Encadré 2: Défis et solutions pour une culture durable de betteraves sucrières
Abandonner les pesticides dans la culture de la betterave sucrière, c’est un challenge. Le chemin du succès commence déjà avant le semis. Ainsi, le bon site, les propriétés du sol, une rotation culturale adaptée, ainsi que la sélection des variétés jouent une grand rôle pour un développement sain et une bonne capacité de résistance. Aujourd’hui, il existe déjà sur le marché des variétés très résistantes qui sont moins sensibles à la cercosporiose et également bien tolérantes à la rhizomanie.

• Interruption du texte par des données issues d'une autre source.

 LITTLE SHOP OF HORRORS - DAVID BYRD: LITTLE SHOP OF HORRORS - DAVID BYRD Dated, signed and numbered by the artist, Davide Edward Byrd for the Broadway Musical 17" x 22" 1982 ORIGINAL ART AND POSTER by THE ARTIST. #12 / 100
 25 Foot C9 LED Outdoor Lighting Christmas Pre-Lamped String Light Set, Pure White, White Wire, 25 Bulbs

Afin de renoncer à l’utilisation de pesticides pour une culture durable de la betterave sucrière, différentes mesures doivent être prises. En cas d’abandon des pesticides, un lit de semences propre est indispensable. Plus tard, les betteraves peuvent être «étrillées à l’aveugle» et hachées. Cependant, il manque à ce jour une technologie fiable avec laquelle les lignes peuvent aussi être hachées avec une machine. Le désherbage manuel prend encore beaucoup de temps (jusqu’à 200h par ha). Avec une rotation culturale adaptée en conséquence, par ex. pas de betteraves sucrières après la destruction de prairie, on peut maîtriser les larves de tipules. Ce qui permet de renoncer complètement à l’utilisation d’insecticides. Un autre problème redouté par de nombreux planteurs de betteraves, c’est l’infestation sur toute la surface de la cercosporiose. Cela peut être évité avec une récolte précoce. Cela réduit un peu le rendement, mais cela ménage aussi le sol qui est généralement plus praticable en début d’automne que lors de dates tardives de récoltes.
La production agricole durable de betteraves sucrières est possible et a été testée. Mais cela nécessite de repenser autant la culture que les subventions.